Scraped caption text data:
== Segment start ==
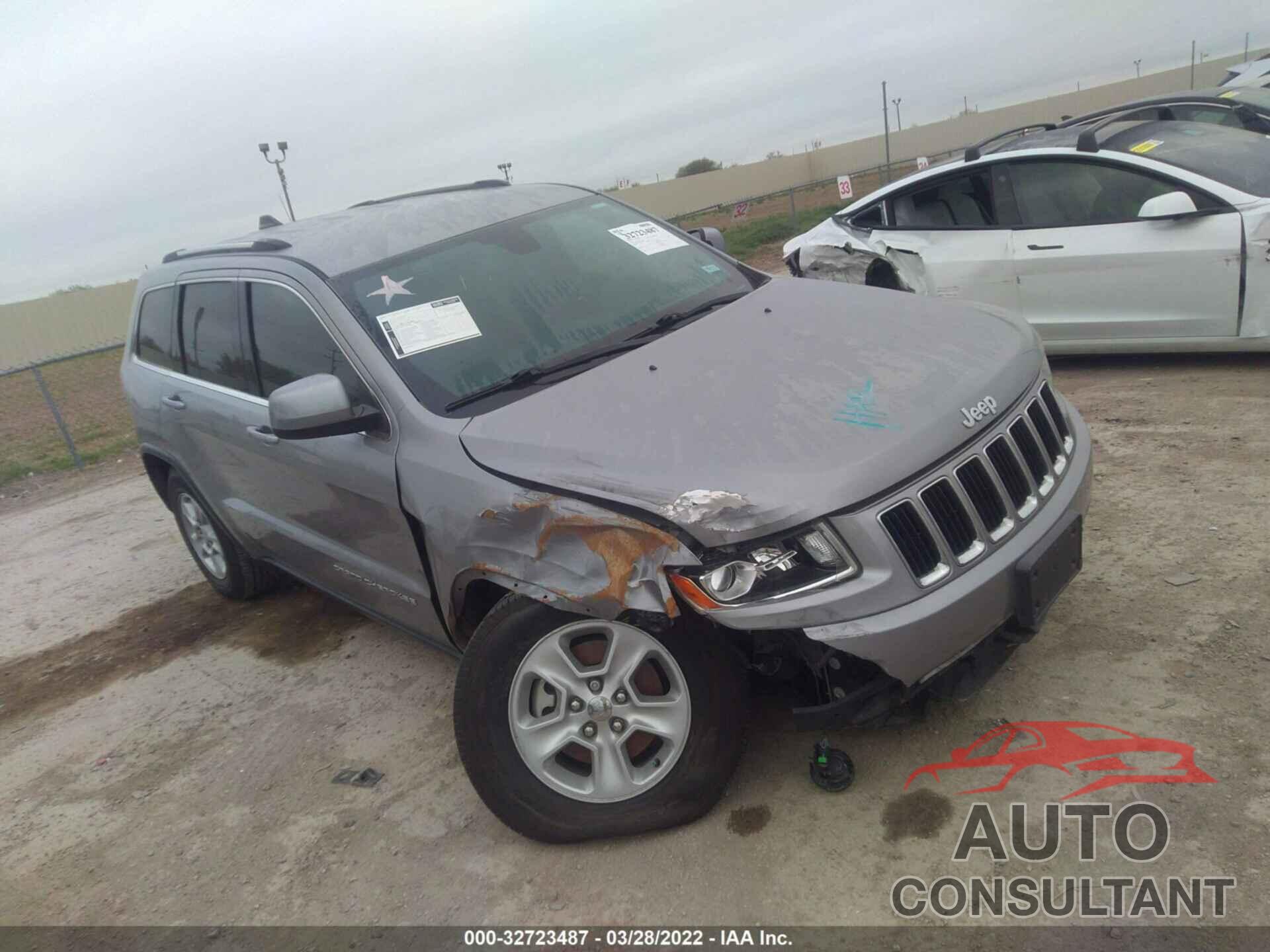 JEEP GRAND CHEROKEE 2016 - 1C4RJEAG6GC307047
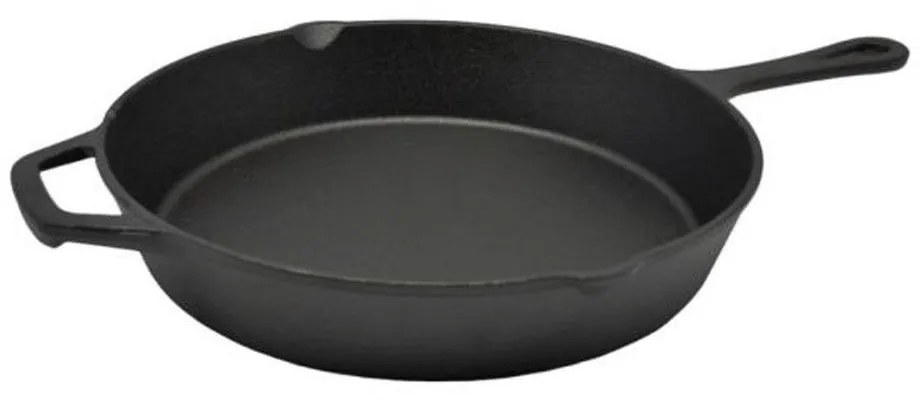 Τηγάνι Μαντεμένιο 832163 26cm Black Ankor 26cm Cast Iron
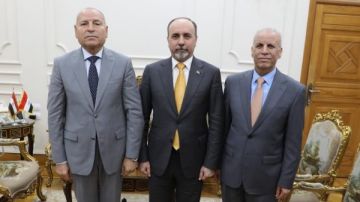 تبادل الخبرات بين القاهرة وبغداد في مجالات التطوير العمراني والحضري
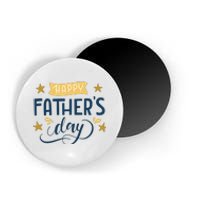 Happy Fathers Day Celebration Gift Magnet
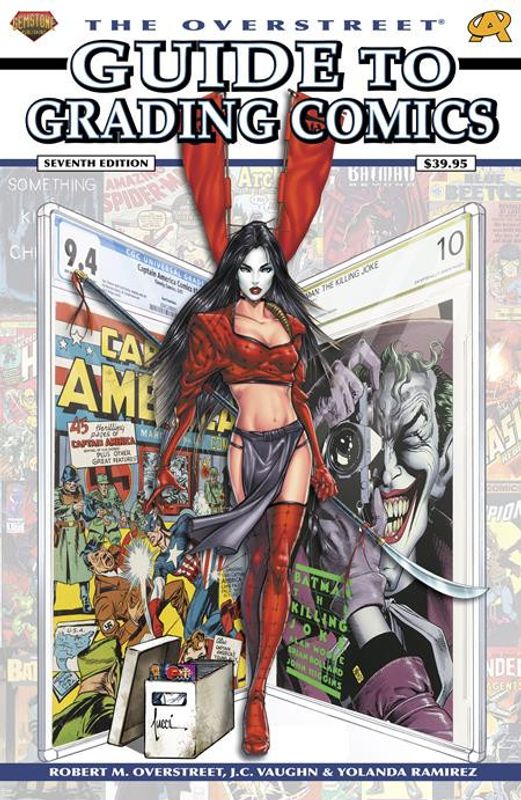 OVERSTREEET GUIDE TO GRADING COMICS SEVENTH EDITION HC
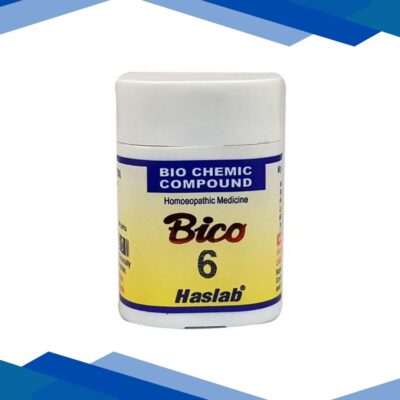 Haslab Bico 6 Biochemic Compound Tablet 20 gm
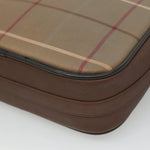Burberry Nova check Shoulder bag Canvas and Leather - image 9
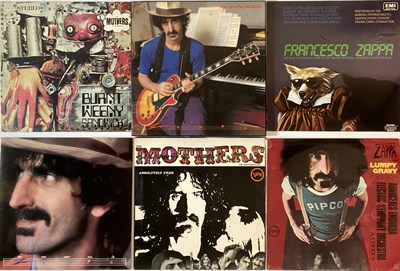 Lot 806 - FRANK ZAPPA - STUDIO LPs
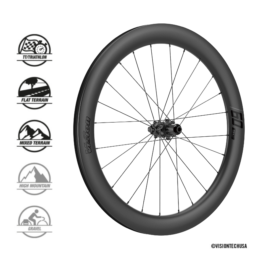 Ruote Carbonio Vision SC 60 i23 Tubeless Ready – Shimano HG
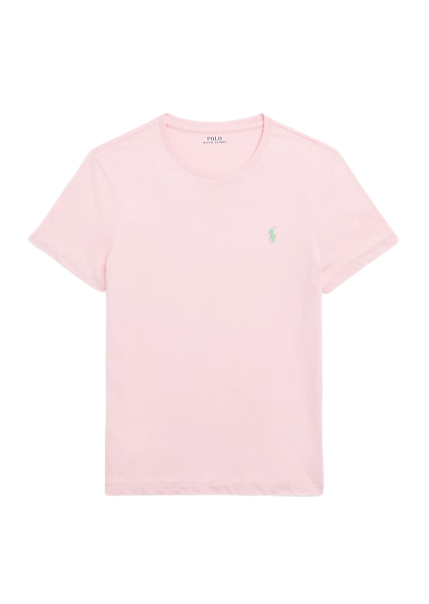 T-Shirt Crewneck Pink/Green Polo Ralph Lauren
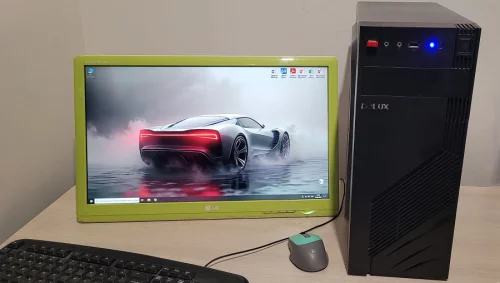 Компьютер A6-7400 8GB SSD+HDD
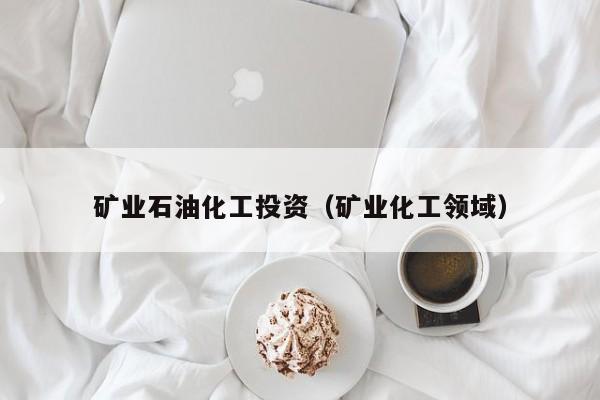 矿业石油化工投资（矿业化工领域）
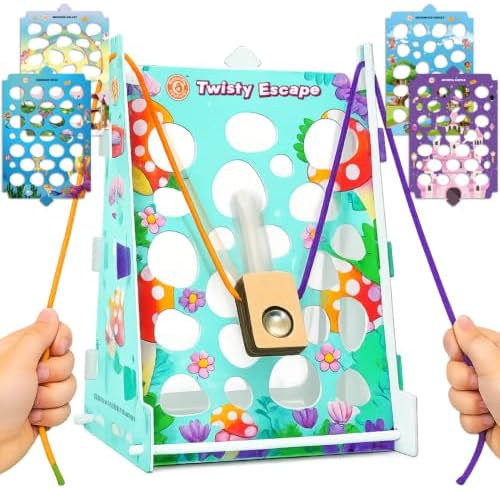 Butterfly EduFields Marble Run Board Games for Girls 4-5-10 Year Old by ButterflyEduFields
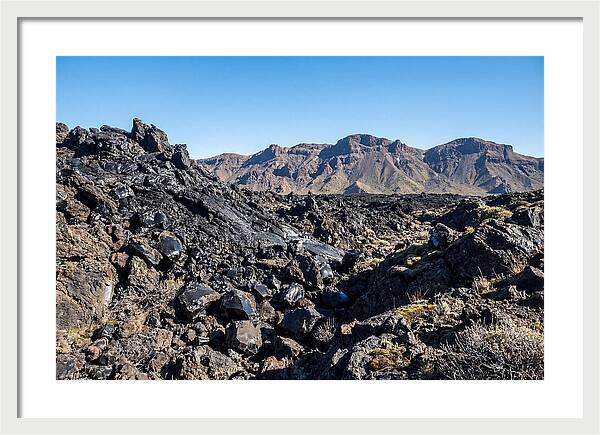 Obsidian Flow Landscape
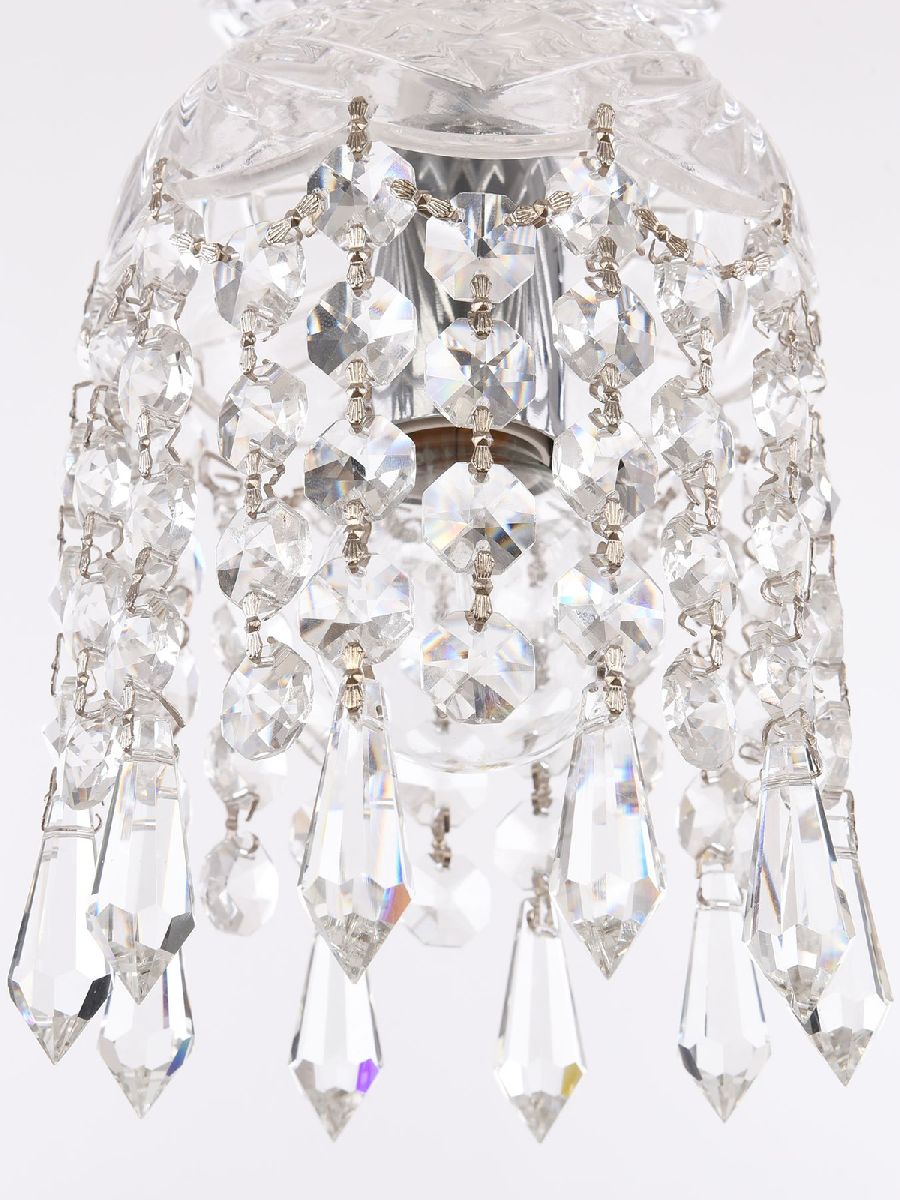 Подвесной светильник Bohemia Ivele Crystal 14781P/11 Ni Drops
== Segment end ==
▶ _Problem to solve_
Reproduce exactly and only the lines from the one with "Happy Fathers Day Celebration Gift Magnet" through the last entry, both included, excluding every picture.

▶ _Task response_
 Happy Fathers Day Celebration Gift Magnet
 OVERSTREEET GUIDE TO GRADING COMICS SEVENTH EDITION HC
 Haslab Bico 6 Biochemic Compound Tablet 20 gm
Burberry Nova check Shoulder bag Canvas and Leather - image 9
 Lot 806 - FRANK ZAPPA - STUDIO LPs
 Ruote Carbonio Vision SC 60 i23 Tubeless Ready – Shimano HG
 T-Shirt Crewneck Pink/Green Polo Ralph Lauren
 Компьютер A6-7400 8GB SSD+HDD
 矿业石油化工投资（矿业化工领域）
 Butterfly EduFields Marble Run Board Games for Girls 4-5-10 Year Old by ButterflyEduFields
 Obsidian Flow Landscape
 Подвесной светильник Bohemia Ivele Crystal 14781P/11 Ni Drops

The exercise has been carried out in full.